The development of sound measures of structural racism is an urgent public health issue.

The development of sound measures of structural racism is an urgent public health issue. Research must go beyond documenting racial inequities in health, beyond exclusively focusing on the roles of individual-level health risks and resources, and beyond merely conceptualizing racism as a fundamental cause to quantifying structural racism and its insidious effects on health.9

In this article we extend prior research calling for rigorous empirical studies on the links between racism and health9 by outlining specific methodological approaches that will move the field forward. First, we highlight how the history of racism in the US affects the ways the nation should approach measurement of structural racism and its effects on health. Second, we highlight the role that geographical context plays in shaping the measurement of structural racism and the importance of aligning theories and proposed mechanisms with the geographic locations and units examined. Finally, we propose promising directions for future research that incorporate innovative methodological approaches for quantitative and qualitative measurement of the multifaceted nature of structural racism, its intersections with other systems of oppression, and its impact on public health.

Historical Context

Historical context is critical for accurately measuring structural racism for rigorous antiracist health policy research. Structural racism has been a core strand in the fabric of US society since its inception, beginning with the genocide and colonization of American Indians and constitutional protections for the institution of slavery.16 Throughout history, the US has been a racialized society, characterized by the formation and reformation of socially constructed hierarchies of racial groups as well as by structural racism in political, social, economic, judicial, residential, and health care contexts, which undergird racial inequalities in nearly every facet of life.12,17,18 Despite popular narratives about racial progress and a “postracial” America, data suggest that structural racism is alive and well in the US.19,20 Theoretical and empirical research show that there has been a qualitative shift in the nature of structural racism from predominant overt, de jure forms (such as colonization, slavery, lynchings, and Jim Crow laws) to more covert, de facto forms of racism (such as racialized mass incarceration, disenfranchisement, and residential segregation).20,21

The history of structural racism in the US has important implications for how the nation should approach measuring it and its effects on health. A burgeoning body of research has shown links between Black Americans’ contemporary health and historical forms of racism. For example, studies have shown that historical state and county variation in the enforcement (and abolition) of Jim Crow are predictive of Black mortality rates.6,22 However, there are major gaps in understanding of the pathways through which contemporary health outcomes are shaped by historical structural racism.

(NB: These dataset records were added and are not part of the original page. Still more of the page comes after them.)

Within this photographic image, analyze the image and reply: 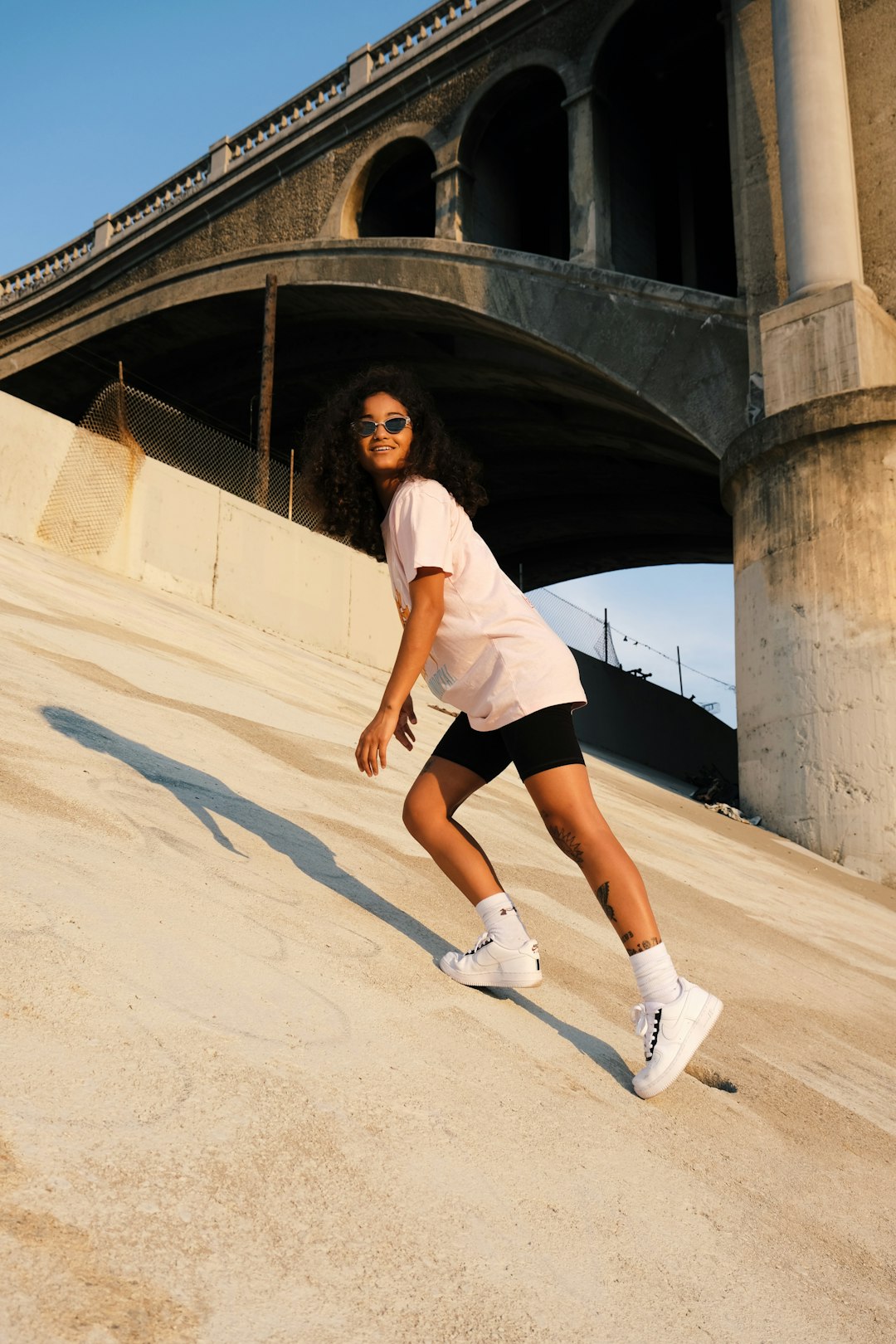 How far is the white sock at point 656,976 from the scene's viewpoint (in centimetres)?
249

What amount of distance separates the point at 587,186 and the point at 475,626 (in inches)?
634

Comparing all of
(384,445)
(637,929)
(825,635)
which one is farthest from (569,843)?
(825,635)

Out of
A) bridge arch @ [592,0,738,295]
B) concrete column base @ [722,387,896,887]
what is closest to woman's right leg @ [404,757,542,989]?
concrete column base @ [722,387,896,887]

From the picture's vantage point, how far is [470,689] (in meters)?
2.78

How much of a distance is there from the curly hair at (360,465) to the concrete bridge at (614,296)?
304 inches

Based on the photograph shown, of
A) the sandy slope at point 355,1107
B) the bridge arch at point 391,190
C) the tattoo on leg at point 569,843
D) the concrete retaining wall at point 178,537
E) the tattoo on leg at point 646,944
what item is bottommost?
the sandy slope at point 355,1107

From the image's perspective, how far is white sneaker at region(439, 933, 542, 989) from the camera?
271 centimetres

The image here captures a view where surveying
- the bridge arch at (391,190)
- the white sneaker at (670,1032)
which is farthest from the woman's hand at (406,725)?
the bridge arch at (391,190)

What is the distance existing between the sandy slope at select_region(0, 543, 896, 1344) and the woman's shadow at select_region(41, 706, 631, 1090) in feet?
0.06

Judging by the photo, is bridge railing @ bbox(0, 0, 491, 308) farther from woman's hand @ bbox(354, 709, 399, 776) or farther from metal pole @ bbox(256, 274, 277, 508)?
woman's hand @ bbox(354, 709, 399, 776)

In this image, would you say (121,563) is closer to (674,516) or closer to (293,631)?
(293,631)

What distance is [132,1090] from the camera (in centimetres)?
171

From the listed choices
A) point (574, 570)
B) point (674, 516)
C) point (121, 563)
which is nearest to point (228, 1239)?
point (121, 563)

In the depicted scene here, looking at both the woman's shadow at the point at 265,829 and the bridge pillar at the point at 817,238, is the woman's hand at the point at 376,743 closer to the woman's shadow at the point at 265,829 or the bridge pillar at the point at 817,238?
the woman's shadow at the point at 265,829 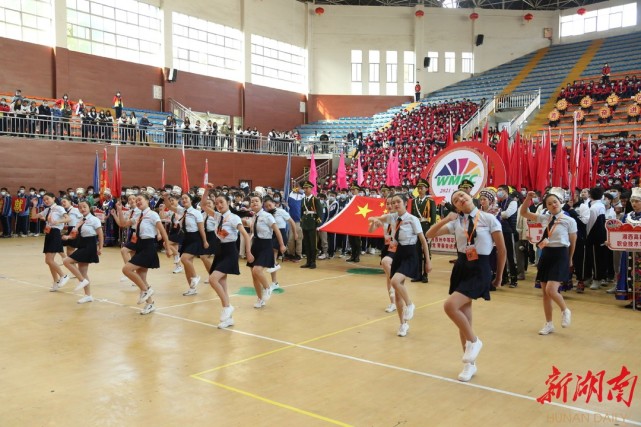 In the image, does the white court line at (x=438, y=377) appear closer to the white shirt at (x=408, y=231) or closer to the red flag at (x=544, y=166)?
the white shirt at (x=408, y=231)

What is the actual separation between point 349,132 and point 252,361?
28.1 meters

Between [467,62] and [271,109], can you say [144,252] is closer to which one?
[271,109]

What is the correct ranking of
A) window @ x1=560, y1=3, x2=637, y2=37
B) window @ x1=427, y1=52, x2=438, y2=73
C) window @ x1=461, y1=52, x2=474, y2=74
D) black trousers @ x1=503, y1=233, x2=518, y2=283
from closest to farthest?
black trousers @ x1=503, y1=233, x2=518, y2=283 < window @ x1=560, y1=3, x2=637, y2=37 < window @ x1=427, y1=52, x2=438, y2=73 < window @ x1=461, y1=52, x2=474, y2=74

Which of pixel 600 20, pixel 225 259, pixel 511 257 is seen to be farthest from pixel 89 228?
pixel 600 20

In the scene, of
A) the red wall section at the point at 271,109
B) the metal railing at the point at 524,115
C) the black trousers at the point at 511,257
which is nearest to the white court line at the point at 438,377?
the black trousers at the point at 511,257

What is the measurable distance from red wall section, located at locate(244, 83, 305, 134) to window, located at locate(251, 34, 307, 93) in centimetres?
50

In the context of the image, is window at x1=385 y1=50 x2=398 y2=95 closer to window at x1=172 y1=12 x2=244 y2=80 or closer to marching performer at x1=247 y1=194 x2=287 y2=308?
window at x1=172 y1=12 x2=244 y2=80

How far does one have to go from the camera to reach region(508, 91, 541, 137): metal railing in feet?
87.4

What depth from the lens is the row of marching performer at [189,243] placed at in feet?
24.3

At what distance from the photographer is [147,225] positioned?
812 cm

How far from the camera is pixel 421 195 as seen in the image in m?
11.2

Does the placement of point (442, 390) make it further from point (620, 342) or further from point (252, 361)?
point (620, 342)

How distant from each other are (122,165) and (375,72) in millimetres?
19848

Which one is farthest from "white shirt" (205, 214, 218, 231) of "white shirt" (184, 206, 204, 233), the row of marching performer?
"white shirt" (184, 206, 204, 233) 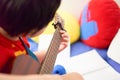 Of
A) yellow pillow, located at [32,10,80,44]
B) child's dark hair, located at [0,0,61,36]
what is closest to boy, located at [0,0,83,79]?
child's dark hair, located at [0,0,61,36]

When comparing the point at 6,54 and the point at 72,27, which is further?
the point at 72,27

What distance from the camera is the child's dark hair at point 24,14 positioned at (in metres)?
0.59

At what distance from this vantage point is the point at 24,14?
61 cm

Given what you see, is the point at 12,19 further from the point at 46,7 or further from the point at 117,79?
the point at 117,79

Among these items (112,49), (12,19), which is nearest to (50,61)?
(12,19)

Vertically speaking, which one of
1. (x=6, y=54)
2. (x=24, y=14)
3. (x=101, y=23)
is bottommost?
(x=101, y=23)

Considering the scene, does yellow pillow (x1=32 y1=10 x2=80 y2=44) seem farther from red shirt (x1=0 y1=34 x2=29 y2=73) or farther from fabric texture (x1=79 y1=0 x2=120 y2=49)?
red shirt (x1=0 y1=34 x2=29 y2=73)

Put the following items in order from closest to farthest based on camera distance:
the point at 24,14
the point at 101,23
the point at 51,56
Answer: the point at 24,14
the point at 51,56
the point at 101,23

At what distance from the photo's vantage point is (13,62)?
68 cm

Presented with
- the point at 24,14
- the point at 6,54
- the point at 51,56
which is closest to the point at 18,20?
the point at 24,14

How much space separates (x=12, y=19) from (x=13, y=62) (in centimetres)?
14

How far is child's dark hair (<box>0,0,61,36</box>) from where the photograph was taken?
1.94ft

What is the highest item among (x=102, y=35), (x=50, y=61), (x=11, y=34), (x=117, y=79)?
(x=11, y=34)

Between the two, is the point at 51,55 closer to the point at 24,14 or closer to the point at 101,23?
the point at 24,14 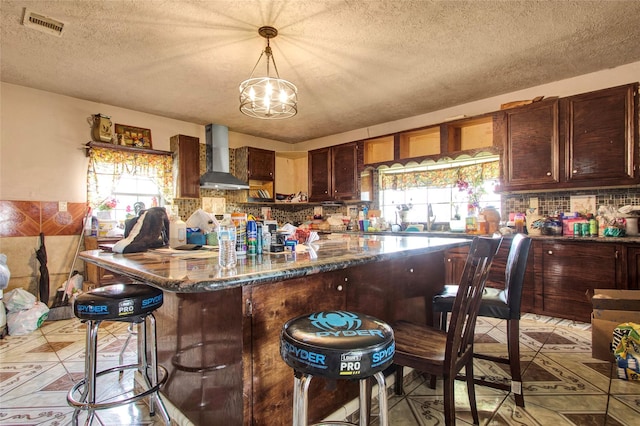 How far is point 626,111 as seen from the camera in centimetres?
320

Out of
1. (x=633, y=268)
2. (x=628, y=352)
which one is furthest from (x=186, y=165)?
(x=633, y=268)

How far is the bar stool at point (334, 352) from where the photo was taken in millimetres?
908

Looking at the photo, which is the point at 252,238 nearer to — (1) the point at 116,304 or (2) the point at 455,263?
(1) the point at 116,304

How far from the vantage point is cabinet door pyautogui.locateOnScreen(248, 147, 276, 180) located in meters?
5.83

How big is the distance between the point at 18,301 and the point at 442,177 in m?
5.32

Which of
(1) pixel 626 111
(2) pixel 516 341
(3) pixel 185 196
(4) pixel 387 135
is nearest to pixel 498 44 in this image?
(1) pixel 626 111

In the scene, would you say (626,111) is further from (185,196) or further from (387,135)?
(185,196)

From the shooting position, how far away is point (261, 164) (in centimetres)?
598

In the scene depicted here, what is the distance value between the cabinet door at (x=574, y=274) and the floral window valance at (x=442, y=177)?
1297mm

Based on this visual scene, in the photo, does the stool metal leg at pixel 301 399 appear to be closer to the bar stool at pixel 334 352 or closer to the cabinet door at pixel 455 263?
the bar stool at pixel 334 352

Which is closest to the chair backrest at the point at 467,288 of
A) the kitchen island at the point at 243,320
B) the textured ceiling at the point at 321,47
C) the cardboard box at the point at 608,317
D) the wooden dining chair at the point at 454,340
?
the wooden dining chair at the point at 454,340

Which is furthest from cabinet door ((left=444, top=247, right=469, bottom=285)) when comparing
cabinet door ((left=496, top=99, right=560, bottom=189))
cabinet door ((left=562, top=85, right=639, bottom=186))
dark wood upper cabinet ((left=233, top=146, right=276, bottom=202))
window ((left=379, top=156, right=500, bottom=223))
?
dark wood upper cabinet ((left=233, top=146, right=276, bottom=202))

We have identified several promising avenues for future research to investigate how the historical context of structural racism affects present-day public health. First, to understand the broader impact of historical structural racism, future studies should examine how modern health is shaped by a wider array of past forms of structural racism, such as slavery, lynching, unequal treatment in the criminal-legal system, forced sterilization, and other manifestations of racialized violence.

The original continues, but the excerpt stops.